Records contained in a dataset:
=== Begin Enclosure ===
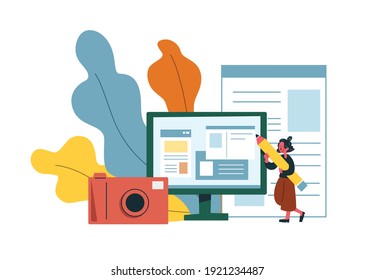 Content creator concept with paper, pencil and camera flat vector illustrator. Blogger character isolated in white background.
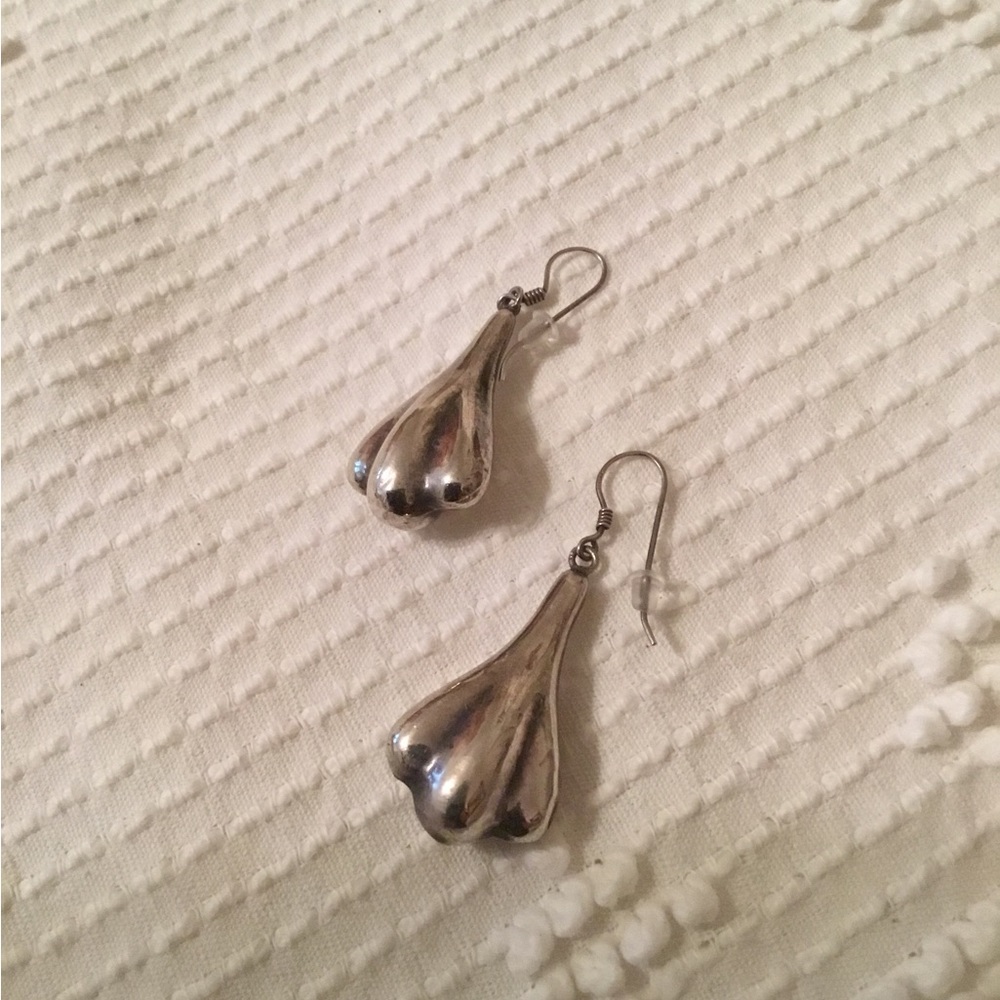 Sterling teardrop fluted earrings 921 - Picture 3 of 4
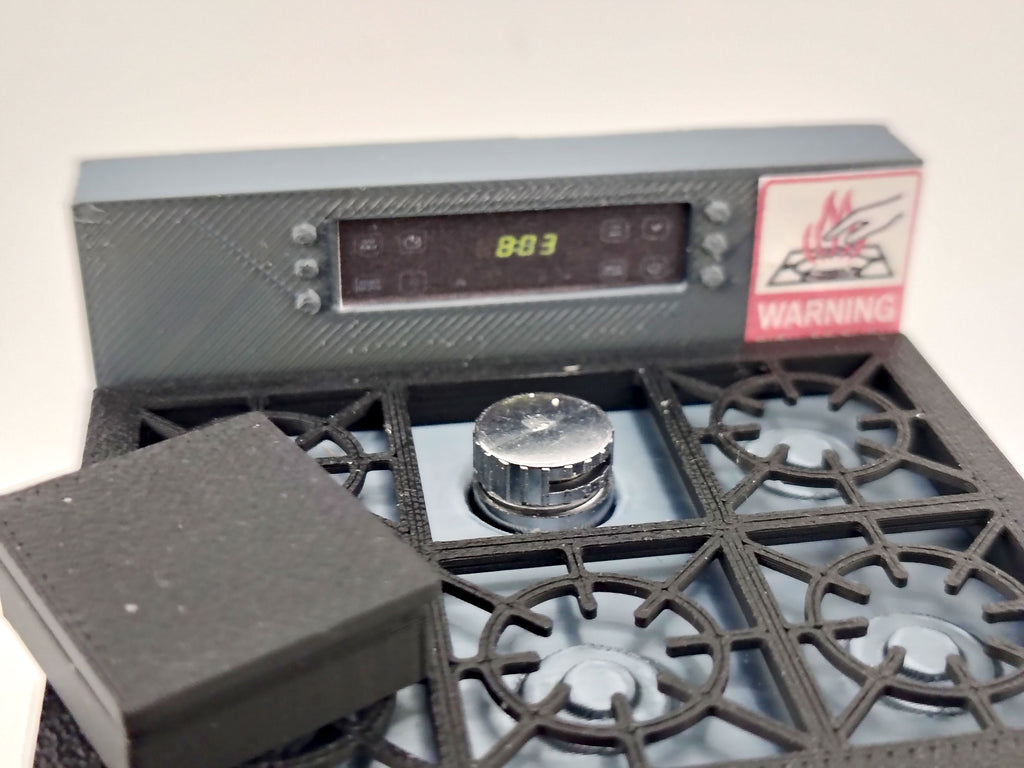 1:12 Kitchen Stove & Oven STL  with Light/No-Light for Dollhouse Diorama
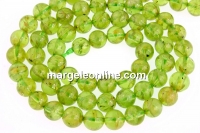 Margele peridot natural, rotund , 6.5mm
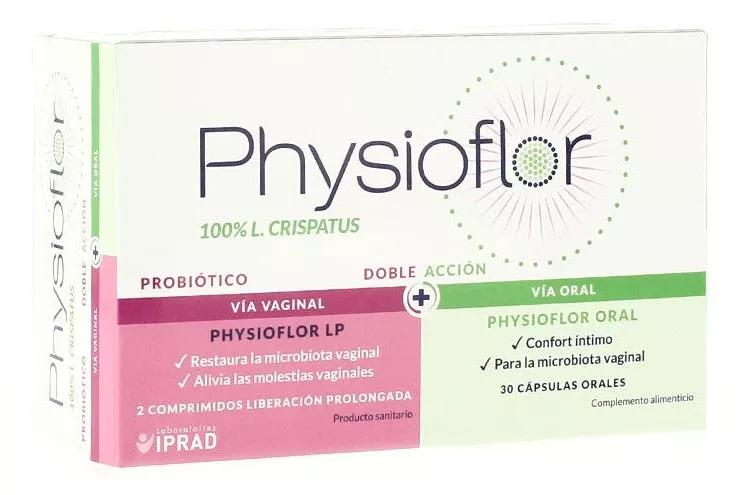 Saforelle Physioflor Dupla Ação Via Vaginal 2 Comprimidos + Vía Oral 30 Cápsulas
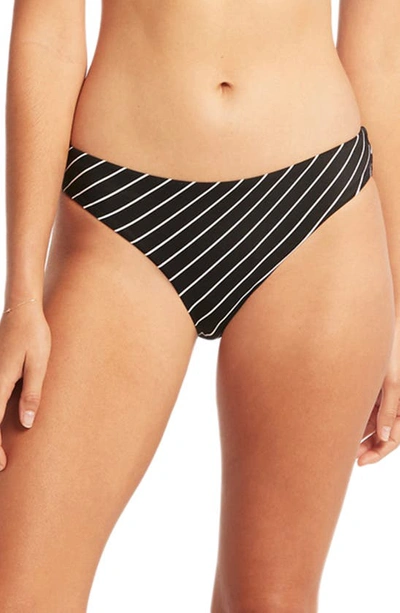 Sea Level Stripe Bikini Bottoms In Black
=== End Enclosure ===
WHAT IS BEING ASKED: Without the pictures, write out every entry exactly as it appears.

WRITTEN RESPONSE:
 Content creator concept with paper, pencil and camera flat vector illustrator. Blogger character isolated in white background.
 Sterling teardrop fluted earrings 921 - Picture 3 of 4
 1:12 Kitchen Stove & Oven STL  with Light/No-Light for Dollhouse Diorama
 Margele peridot natural, rotund , 6.5mm
 Saforelle Physioflor Dupla Ação Via Vaginal 2 Comprimidos + Vía Oral 30 Cápsulas
 Sea Level Stripe Bikini Bottoms In Black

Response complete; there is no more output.